The company said with this agreement it became “the first 100-percent foreign-owned power company to enter into a long-term relationship” with MEPE.
MAXpower said it has invested $35 million in the plant and that the agreement “opens the door for further power project developments throughout Myanmar,” which has one of lowest electrification rates in the world.
Almost 70 percent of the population of Myanmar has no access to electricity, according to the World Bank, which in January pledged $1-billion financial support to Myanmar to expand electricity generation, transmission and distribution.
The Ministry of Electric Power last year said it plans to carry out 17 power plant projects by 2016 – where 10 will be gas-fired and seven will be hydropower plants.
U Htein Lwin, managing director of MEPE, said: “We see it as a blueprint for other initiatives to develop the electricity sector across Myanmar.”
“MAXpower’s deep experience in SE Asia and its understanding of the inherent challenges in this project combined with GE’s robust technology made it the logical partner for this landmark agreement.”
The 50-megawatt (MW) gas-fired power plant, which is located in Thaketa in Yangon, will utilise sixteen 16 GE (General Electric) Jenbacher gas engines, the company said.
“Faith is taking the first step without seeing the whole stairway,” said Sebastiaan Sauren, chief operating officer and co-founder of Navigat Group, adding that his company is “committed and determined” to deliver fast, reliable and affordable power to emerging regions.
MAXpower said with the completion of this power plant it became the only power company with projects in Indonesia, Thailand and Myanmar.

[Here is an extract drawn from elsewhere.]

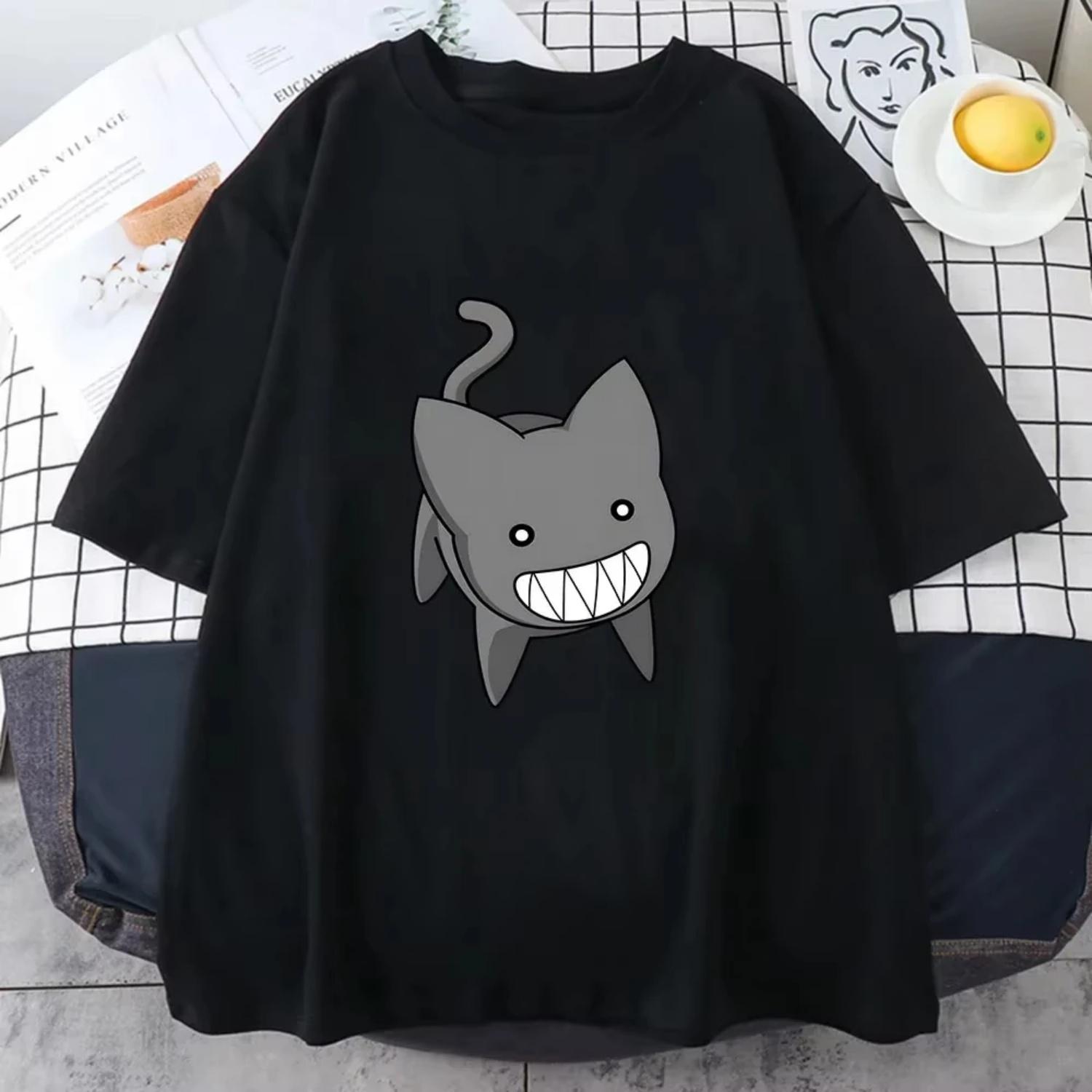 

Azumanga Daioh Ayumu Kasuga Tshirts Women Cat Manga_Comic Anime Clothes T-shirts 100% Cotton T Shirts Korean Style Cartoon Print S чёрный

Navigat CFO Arno Hendriks told Reuters the deal was the result of a 2012 meeting with government officials and was negotiated directly with MEPE. Hendricks said his company hoped to sign an agreement to develop another 50MW power plant this year and was in discussions with General Electric Co to secure the Myanmar distribution licence for its gas engines, according to the Reuters report.
Earlier this month, US-based power company APR Energy clinched a bid to develop a 100MW gas-fired plant in Mandalay, becoming the first American company to sign a power generation contract with Myanmar since the lifting of US sanctions in 2013.